Here is how it works. Let's say you buy a 90-day Treasury Bill that pays an annual rate of 1 per cent, but inflation comes in at 0.8 per cent (as it did in December). That means your interest gains are almost totally wiped out (1 per cent less 0.8 per cent, leaves you with 0.2 per cent in interest, near zero).

Now let's say core inflation hits the Bank of Canada's 2.0 per cent mid-point target. If that happens, those who buy bonds will actually lose money (1 per cent of interest, less 2.0 per cent inflation). It gets worse, because our example does not include the taxes that many Canadians pay on their interest income.

Financial repression
Economists call the negative interest rate policies run by governments "financial repression," because they penalize savers who manage their money well and they bail out borrowers and spenders.
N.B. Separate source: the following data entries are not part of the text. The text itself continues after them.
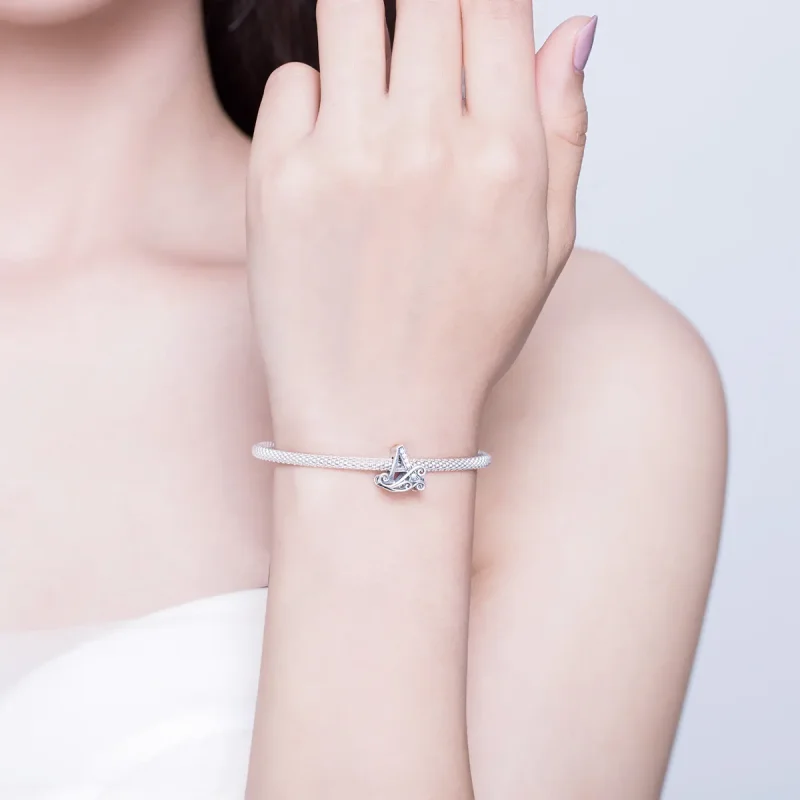 (zdjęcie do) Bransoletka Bangle Typu Pandora Litera A - SCB829 - Wyświetl 3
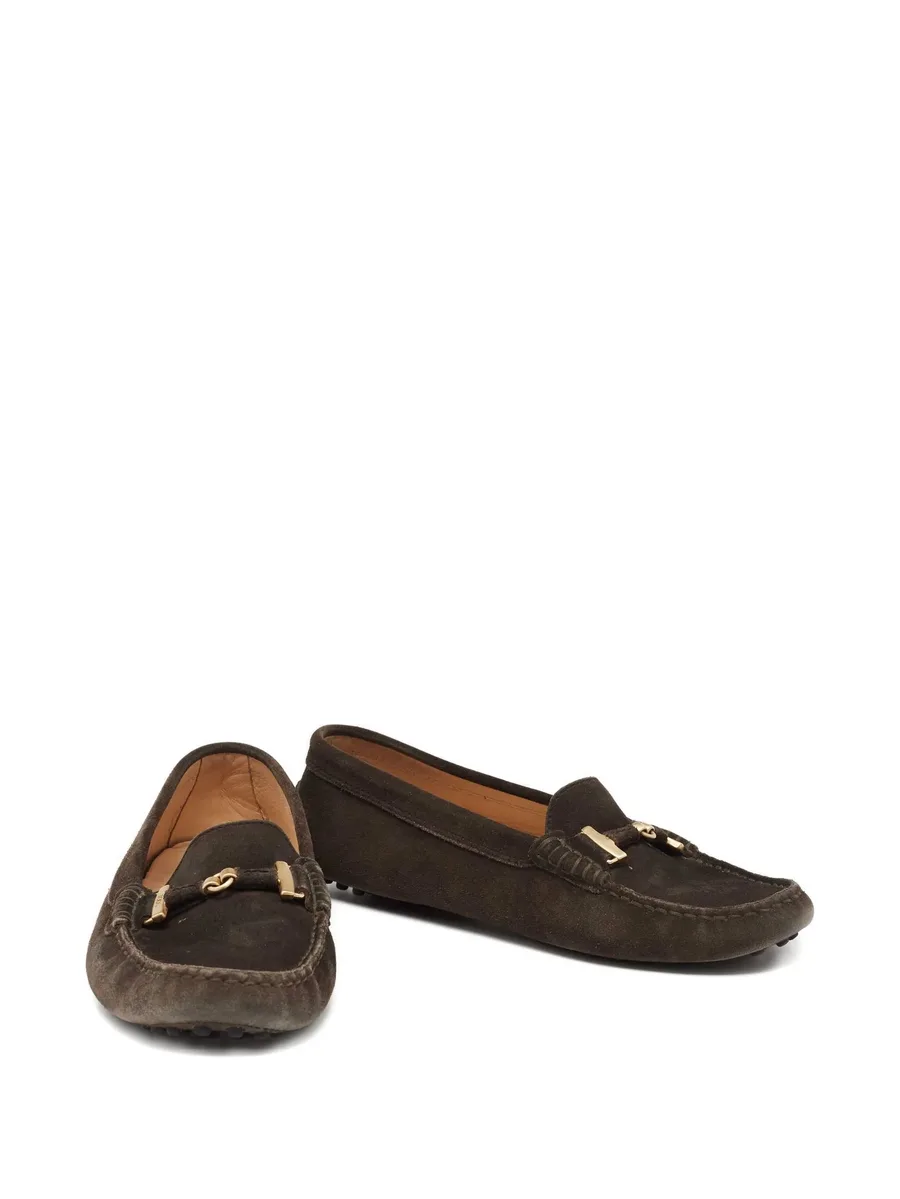 Suede Gold Accent Loafers 6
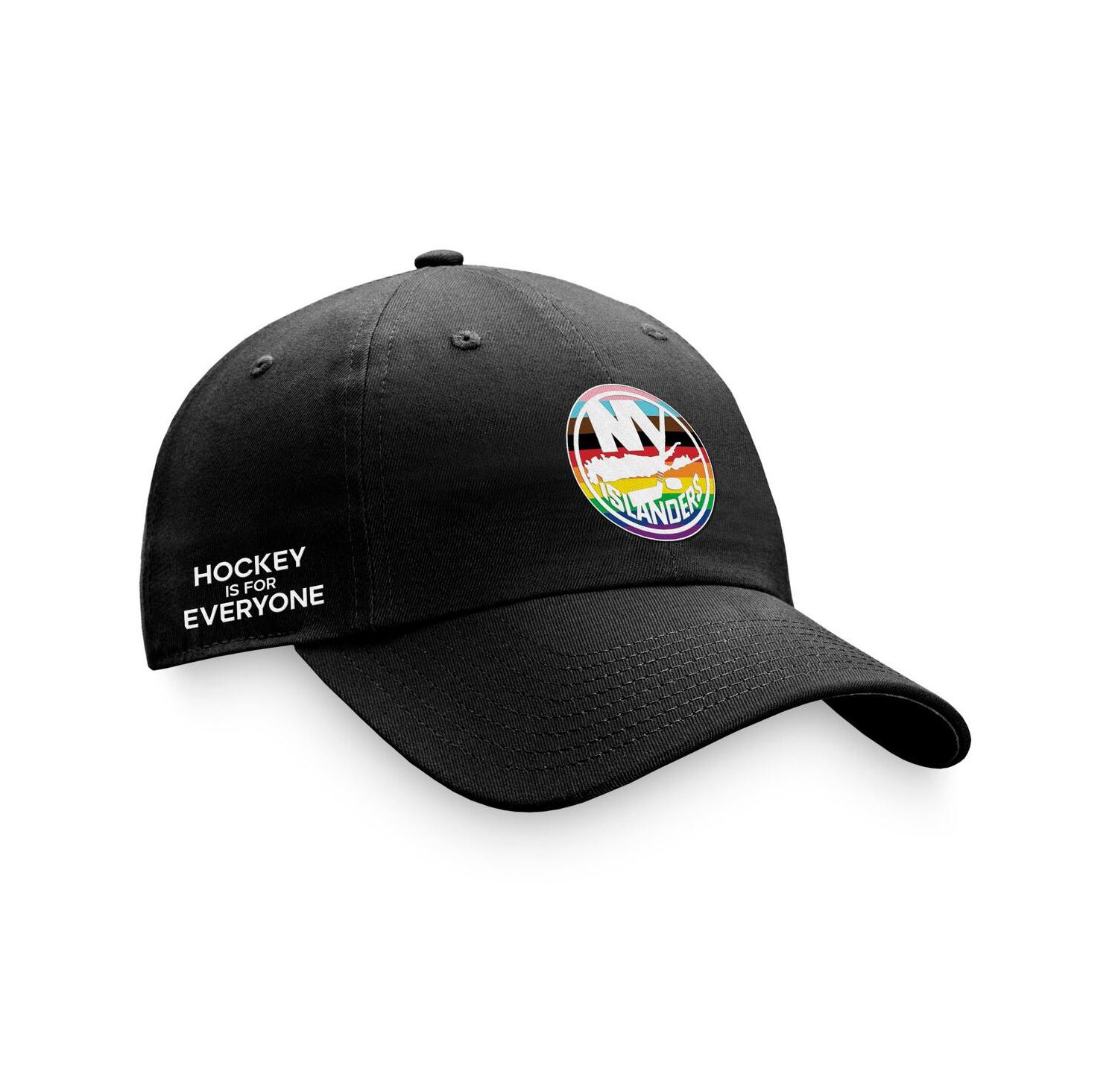 Men's Black New York Islanders Team Logo Pride Adjustable Hat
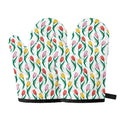 Polygon Tulip Pattern Print Oven Mitts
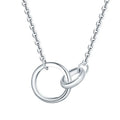 Custom S925 Sterling Silver Double Ring Pendant Necklace Light Luxury Jewelry for Parties and Valentine's Day Handmade Design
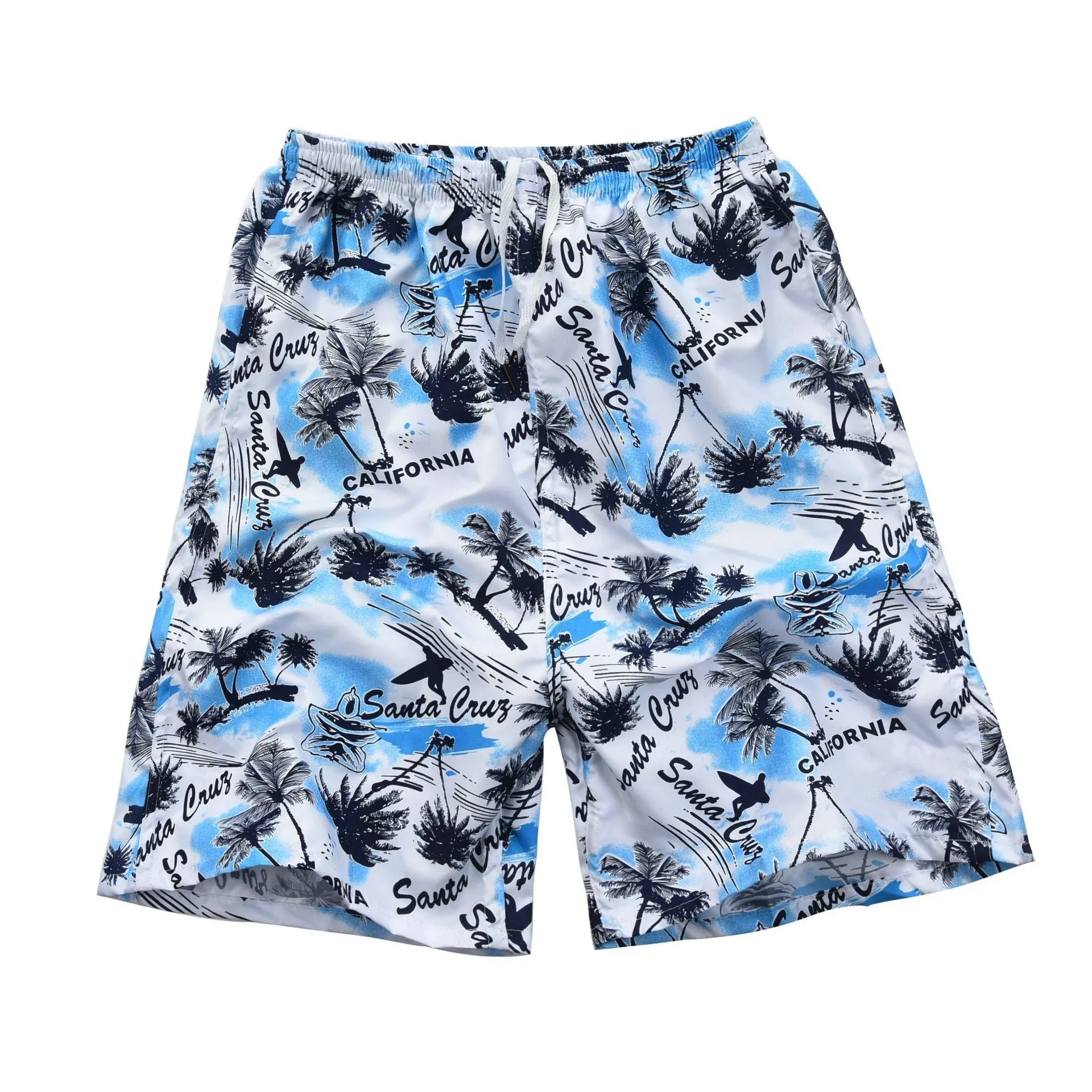 Men's floral printed swimming trunks with five-point design in polyester fabric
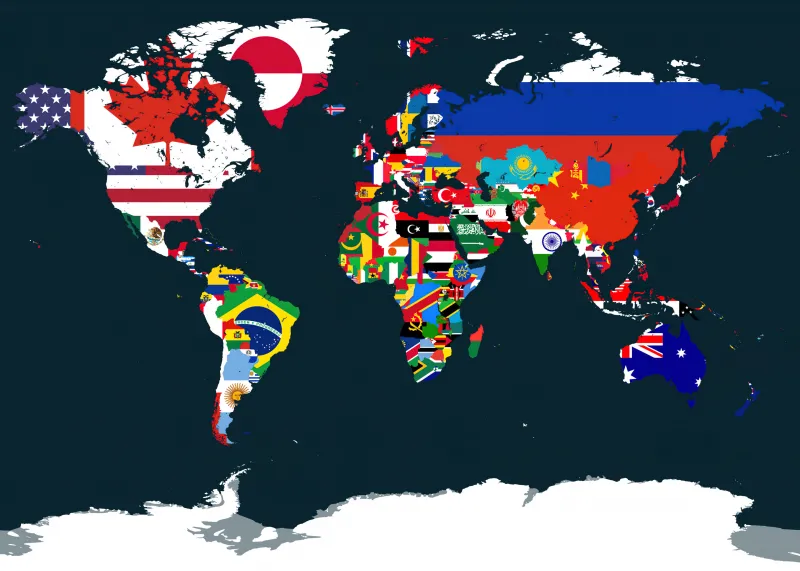 World map, Country flags wallpaper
That said, there are signs that financial repression is going to become increasingly widespread in the coming years. Money printing and low interest rates are like a "sugar high" for athletes: They boost temporary performance, but they don't build the muscle and skills that are needed to compete over the long-term. Worse, not only are sugar highs hard to stop, it takes more and more sugar to keep getting the same high.

The good news is that Canadians are luckier than most. The country has vast natural resources, such as the Alberta tar sands, gold mines throughout Quebec and Ontario and potash in Saskatchewan, which are wanted the world over. These will go along way towards alleviating the pain that many other countries will feel when the effect of the sugar high starts to wear off.